──────── Material shown
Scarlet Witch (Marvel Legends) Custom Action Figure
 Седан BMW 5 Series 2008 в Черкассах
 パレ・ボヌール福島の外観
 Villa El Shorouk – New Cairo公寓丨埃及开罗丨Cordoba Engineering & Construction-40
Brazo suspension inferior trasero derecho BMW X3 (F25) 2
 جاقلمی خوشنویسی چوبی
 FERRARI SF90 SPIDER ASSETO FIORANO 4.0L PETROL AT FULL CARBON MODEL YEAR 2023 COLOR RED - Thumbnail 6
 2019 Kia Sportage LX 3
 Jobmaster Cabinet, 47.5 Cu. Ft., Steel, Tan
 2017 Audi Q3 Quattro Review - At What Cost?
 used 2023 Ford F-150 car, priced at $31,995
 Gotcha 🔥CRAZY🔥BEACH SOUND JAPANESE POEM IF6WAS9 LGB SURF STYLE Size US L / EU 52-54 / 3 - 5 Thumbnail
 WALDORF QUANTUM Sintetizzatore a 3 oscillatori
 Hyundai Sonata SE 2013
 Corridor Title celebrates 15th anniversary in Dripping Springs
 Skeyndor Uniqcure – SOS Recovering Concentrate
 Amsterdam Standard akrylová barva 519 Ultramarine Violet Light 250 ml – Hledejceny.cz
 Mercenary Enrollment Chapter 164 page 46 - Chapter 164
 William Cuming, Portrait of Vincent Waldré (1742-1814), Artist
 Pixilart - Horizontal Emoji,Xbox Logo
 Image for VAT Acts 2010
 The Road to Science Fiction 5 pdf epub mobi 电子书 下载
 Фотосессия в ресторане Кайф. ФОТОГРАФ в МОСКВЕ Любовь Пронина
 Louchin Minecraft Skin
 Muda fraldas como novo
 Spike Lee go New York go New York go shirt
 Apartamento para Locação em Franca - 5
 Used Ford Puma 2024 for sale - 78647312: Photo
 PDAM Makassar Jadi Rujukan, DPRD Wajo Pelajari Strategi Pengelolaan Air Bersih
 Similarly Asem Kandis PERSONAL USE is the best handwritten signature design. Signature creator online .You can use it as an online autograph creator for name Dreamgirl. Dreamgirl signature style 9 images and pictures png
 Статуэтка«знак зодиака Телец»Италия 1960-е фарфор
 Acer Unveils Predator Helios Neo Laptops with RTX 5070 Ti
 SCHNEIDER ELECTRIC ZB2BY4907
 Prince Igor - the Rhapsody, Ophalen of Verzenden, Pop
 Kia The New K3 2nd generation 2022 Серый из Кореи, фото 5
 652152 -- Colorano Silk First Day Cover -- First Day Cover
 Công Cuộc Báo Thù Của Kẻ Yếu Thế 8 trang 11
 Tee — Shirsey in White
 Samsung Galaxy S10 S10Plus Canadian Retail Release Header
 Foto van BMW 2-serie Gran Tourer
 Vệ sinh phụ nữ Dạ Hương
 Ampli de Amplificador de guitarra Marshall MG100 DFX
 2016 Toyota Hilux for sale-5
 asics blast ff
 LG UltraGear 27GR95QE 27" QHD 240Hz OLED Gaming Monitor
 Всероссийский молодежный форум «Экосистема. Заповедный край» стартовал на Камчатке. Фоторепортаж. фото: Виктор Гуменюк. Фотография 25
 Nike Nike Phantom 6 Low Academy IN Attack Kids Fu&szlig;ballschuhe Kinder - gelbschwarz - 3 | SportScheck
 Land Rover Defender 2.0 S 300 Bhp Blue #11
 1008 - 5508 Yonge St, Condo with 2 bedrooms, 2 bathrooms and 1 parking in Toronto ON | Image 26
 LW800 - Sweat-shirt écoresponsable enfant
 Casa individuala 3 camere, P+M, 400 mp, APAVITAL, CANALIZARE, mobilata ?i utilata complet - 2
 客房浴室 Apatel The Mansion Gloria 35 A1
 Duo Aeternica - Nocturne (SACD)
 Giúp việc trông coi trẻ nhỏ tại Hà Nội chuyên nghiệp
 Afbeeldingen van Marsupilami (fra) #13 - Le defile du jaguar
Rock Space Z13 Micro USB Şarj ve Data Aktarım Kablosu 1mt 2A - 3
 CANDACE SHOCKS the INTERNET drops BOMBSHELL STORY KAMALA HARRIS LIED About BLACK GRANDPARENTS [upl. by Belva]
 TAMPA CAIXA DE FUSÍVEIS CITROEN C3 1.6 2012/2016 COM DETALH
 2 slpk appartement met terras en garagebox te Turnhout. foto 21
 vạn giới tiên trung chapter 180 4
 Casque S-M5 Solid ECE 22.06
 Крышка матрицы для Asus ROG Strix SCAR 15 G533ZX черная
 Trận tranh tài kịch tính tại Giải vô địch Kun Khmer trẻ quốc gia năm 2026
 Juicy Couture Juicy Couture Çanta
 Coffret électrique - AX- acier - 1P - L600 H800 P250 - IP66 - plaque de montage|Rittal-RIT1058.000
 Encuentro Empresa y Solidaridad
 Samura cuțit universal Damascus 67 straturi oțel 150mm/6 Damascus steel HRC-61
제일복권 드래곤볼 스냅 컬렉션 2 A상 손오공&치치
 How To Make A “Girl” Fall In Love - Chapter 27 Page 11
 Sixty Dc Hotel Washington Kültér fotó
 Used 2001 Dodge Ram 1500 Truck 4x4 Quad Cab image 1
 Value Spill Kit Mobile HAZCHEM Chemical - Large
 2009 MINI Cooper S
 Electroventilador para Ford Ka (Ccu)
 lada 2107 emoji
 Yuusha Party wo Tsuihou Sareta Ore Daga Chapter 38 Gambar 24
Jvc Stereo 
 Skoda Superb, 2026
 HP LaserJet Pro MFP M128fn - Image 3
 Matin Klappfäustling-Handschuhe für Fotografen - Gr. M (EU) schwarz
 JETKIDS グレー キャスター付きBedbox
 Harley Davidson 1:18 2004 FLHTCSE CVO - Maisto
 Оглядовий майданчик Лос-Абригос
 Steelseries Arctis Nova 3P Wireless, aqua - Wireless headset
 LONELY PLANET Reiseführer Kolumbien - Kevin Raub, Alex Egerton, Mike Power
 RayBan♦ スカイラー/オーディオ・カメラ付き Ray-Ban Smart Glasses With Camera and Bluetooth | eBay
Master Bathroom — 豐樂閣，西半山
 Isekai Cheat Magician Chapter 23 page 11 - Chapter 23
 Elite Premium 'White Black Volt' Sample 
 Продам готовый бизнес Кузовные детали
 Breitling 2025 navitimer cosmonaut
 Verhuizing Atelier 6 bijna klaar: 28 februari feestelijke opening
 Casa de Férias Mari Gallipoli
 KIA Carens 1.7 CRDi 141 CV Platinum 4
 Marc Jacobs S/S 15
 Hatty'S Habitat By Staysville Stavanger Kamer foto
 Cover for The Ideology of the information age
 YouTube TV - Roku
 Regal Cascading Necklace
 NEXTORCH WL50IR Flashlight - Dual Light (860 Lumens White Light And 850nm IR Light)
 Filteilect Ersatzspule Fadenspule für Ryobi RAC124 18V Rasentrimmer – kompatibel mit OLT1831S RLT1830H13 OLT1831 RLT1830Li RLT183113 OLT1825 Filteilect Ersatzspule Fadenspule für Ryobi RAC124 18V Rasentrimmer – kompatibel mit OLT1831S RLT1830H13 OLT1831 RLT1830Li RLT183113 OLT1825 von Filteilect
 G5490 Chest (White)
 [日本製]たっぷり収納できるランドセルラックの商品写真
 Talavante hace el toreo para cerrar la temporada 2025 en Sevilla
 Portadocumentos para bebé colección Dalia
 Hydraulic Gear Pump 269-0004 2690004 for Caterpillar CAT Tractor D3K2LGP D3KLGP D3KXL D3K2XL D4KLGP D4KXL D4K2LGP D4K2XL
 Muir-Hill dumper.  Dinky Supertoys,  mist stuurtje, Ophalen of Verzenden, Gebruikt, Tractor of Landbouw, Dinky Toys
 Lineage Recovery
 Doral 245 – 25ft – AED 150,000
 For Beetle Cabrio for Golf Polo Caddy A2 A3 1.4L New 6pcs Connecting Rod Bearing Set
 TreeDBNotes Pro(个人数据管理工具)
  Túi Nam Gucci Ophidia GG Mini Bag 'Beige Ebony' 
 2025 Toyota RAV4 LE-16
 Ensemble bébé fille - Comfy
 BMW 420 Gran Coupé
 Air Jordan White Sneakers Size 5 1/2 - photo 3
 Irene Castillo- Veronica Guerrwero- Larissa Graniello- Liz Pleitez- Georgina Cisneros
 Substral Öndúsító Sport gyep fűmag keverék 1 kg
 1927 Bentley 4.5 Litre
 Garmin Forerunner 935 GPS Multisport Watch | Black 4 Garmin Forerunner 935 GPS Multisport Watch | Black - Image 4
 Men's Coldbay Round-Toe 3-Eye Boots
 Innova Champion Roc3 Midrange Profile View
────────────────
• [Instructions to follow] Looking at the data above, return every line from the one with "RayBan♦ スカイラー/オーディオ・カメラ付き Ray-Ban" down to the one with "Cover for The", exactly and inclusively.

• [Answer to this task]
 RayBan♦ スカイラー/オーディオ・カメラ付き Ray-Ban Smart Glasses With Camera and Bluetooth | eBay
Master Bathroom — 豐樂閣，西半山
 Isekai Cheat Magician Chapter 23 page 11 - Chapter 23
 Elite Premium 'White Black Volt' Sample 
 Продам готовый бизнес Кузовные детали
 Breitling 2025 navitimer cosmonaut
 Verhuizing Atelier 6 bijna klaar: 28 februari feestelijke opening
 Casa de Férias Mari Gallipoli
 KIA Carens 1.7 CRDi 141 CV Platinum 4
 Marc Jacobs S/S 15
 Hatty'S Habitat By Staysville Stavanger Kamer foto
 Cover for The Ideology of the information age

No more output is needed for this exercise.